Fila para comprar um ingresso e na hora de entrar, poucos lugares disponíveis na platéia. Esse foi o cenário da Fundação Joaquim Nabuco no último domingo, 20 de abril, na última sessão do festival É tudo verdade, que passou 3 dias por aqui (18,10 e 20 de abril) e exibiu em sessões gratuitas 6 documentários sempre a partir das 17h. O penúltimo filme da mostra, A Paixão Segundo Callado, biografia do escritor brasileiro, tinha lugar sobrando e silêncio antes da sessão no famoso café da Fundação para comentar o filme. Já no segundo e último… talvez seja o clima de Cine-PE, com início no dia 27 de abril ou mesmo a estrela do documentário Coração Vagabundo: Caetano Veloso.

A sala fica escura e uma jovem vem agradecer a participação de todos. É, o clima era mesmo de Cine-PE. Mas quando a tela da Fundação deu a tão esperada subida para dar formato à projeção, quem veio nos convidar foi o mais famoso cantor da MPB, tropicália, música neo-moderna, clássicos pernambucanos e atualmente com carreira internacional e em inglês. Surge na tela o mito Caetano, estrela do documentário conhecido nos bastidores por sua inteligência e respostas diretas, sem muito “arrudeio” e bate papo por aí.

Mas o convite é feito por um Caetano diferente. A primeira cena, antes mesmo dos créditos, é com a sua maravilhosa esposa, mostrando o marido nu, fazendo a barba, de relance só para dar o gostinho de quero mais na platéia. Sim, o Caetano de Coração Vagabundo é o cantor e escritor Caetano Veloso, na sua melhor faceta.

O documentário não é biográfico e acompanha o artista em duas de suas milhares de viagens para divulgar seu novo trabalho internacional, em Nova York e na China. Nos bastidores, Caetano se solta e mostra o que tem de melhor: inteligência. Mas este da grande tela não é o mesmo da televisão e dos bastidores da fofoca. É um Caetano apenas com profissão cantor, mas que dorme, sonha, sente medo e vergonha. Quem imaginaria o astro da música brasileira com vergonha de dar uma entrevista nos Estados Unidos? O inglês é bom, aliás, excelente, mas não o suficiente para temer um grande espetáculo em uma das mais famosas casas de show de Nova York.
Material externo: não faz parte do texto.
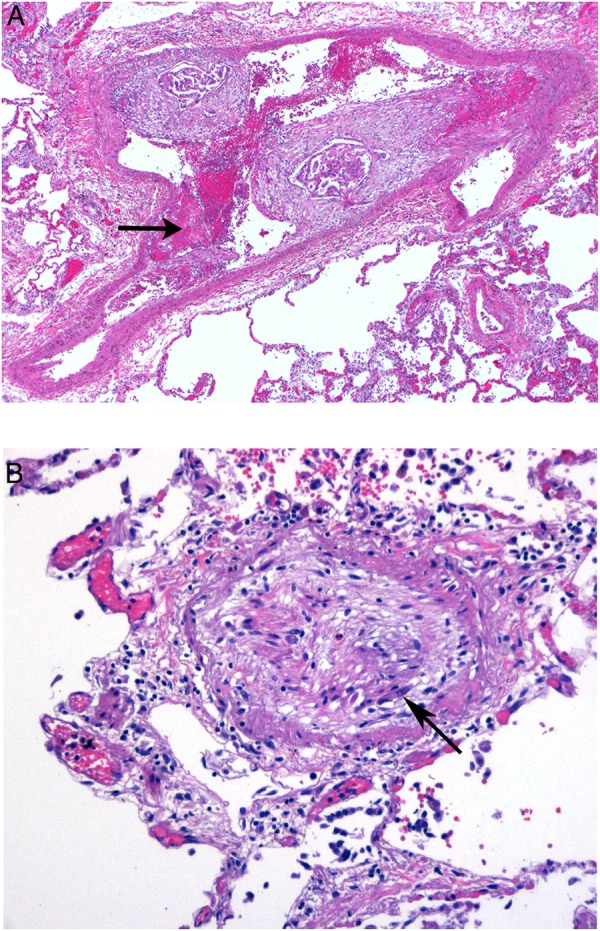 Figure 4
O show em Nova York traz uma outra faceta de Caetano: ele não é astro sempre e derruba o mito que todo artista acha outro artista igual. Quando ele conhece Giselle Bündchen depois do show na metrópole americana, não consegue esconder o sorriso. A esposa brinca, mas mostra ciúmes. Mas como ela mesma diz, “gaia de ouro vale, se é para levar gaia que seja com Giselle Bündchen”. E Caetano? Brinca pedindo o telefone da modelo, mas mostra seu amor crescente cada vez mais pela esposa, com selinhos de despedida.

De figura ilustre não há apenas Giselle Büchen em Coração Vagabundo. Afinal, é Caetano Veloso, não é? Conhecido até na China. Em uma visita engraçadíssima na terra oriental, o cantor encontra um fã da sua música e título do documentário em um templo budista. É, Caetano Veloso é sucesso em todos os continentes. Mas a figura ilustríssima vem de suas próprias palavras. Quando está com a voz um pouco ruim, fala com a produção que “a partir de agora vocês vão fazer um documentário estilo Antonioni”. A produção foi carinhosa e trouxe ninguém menos que o próprio, o cineasta Michelangelo Antonioni comentando uma das cenas preferidas do cantor. De cinema, além de entender, Caetano já participou. Fez uma ponta no filme de seu fã, o cineasta Pedro Almodóvar. Em Fale com Ela, ele canta em um bar para embargar os olhos das personagens. Isso é Caetano Veloso, com direito a elogios rasgados do cineasta guardados para a posteridade em película agora.

Um Caetano que poucos conhecem mais com certeza arrastou novos fãs na exibição de Coração Vagabundo em Recife. O astro também é barrado na alfândega, fala “pau” em referência ao seu órgão genital e é tímido ao reconhecerem seu talento nas ruas. Mas também é um cantor ciente de sua participação na historia musical e revolucionária brasileira, pensamento que trouxe sua grande coragem de ousar. “Estou num estágio de ousar, não me importo com a rejeição do público e crítica, já fiz demais pela música”, comenta. Talvez deixar-se ver nesse documentário seja mais uma ousadia ou excentricidade, que deu certo.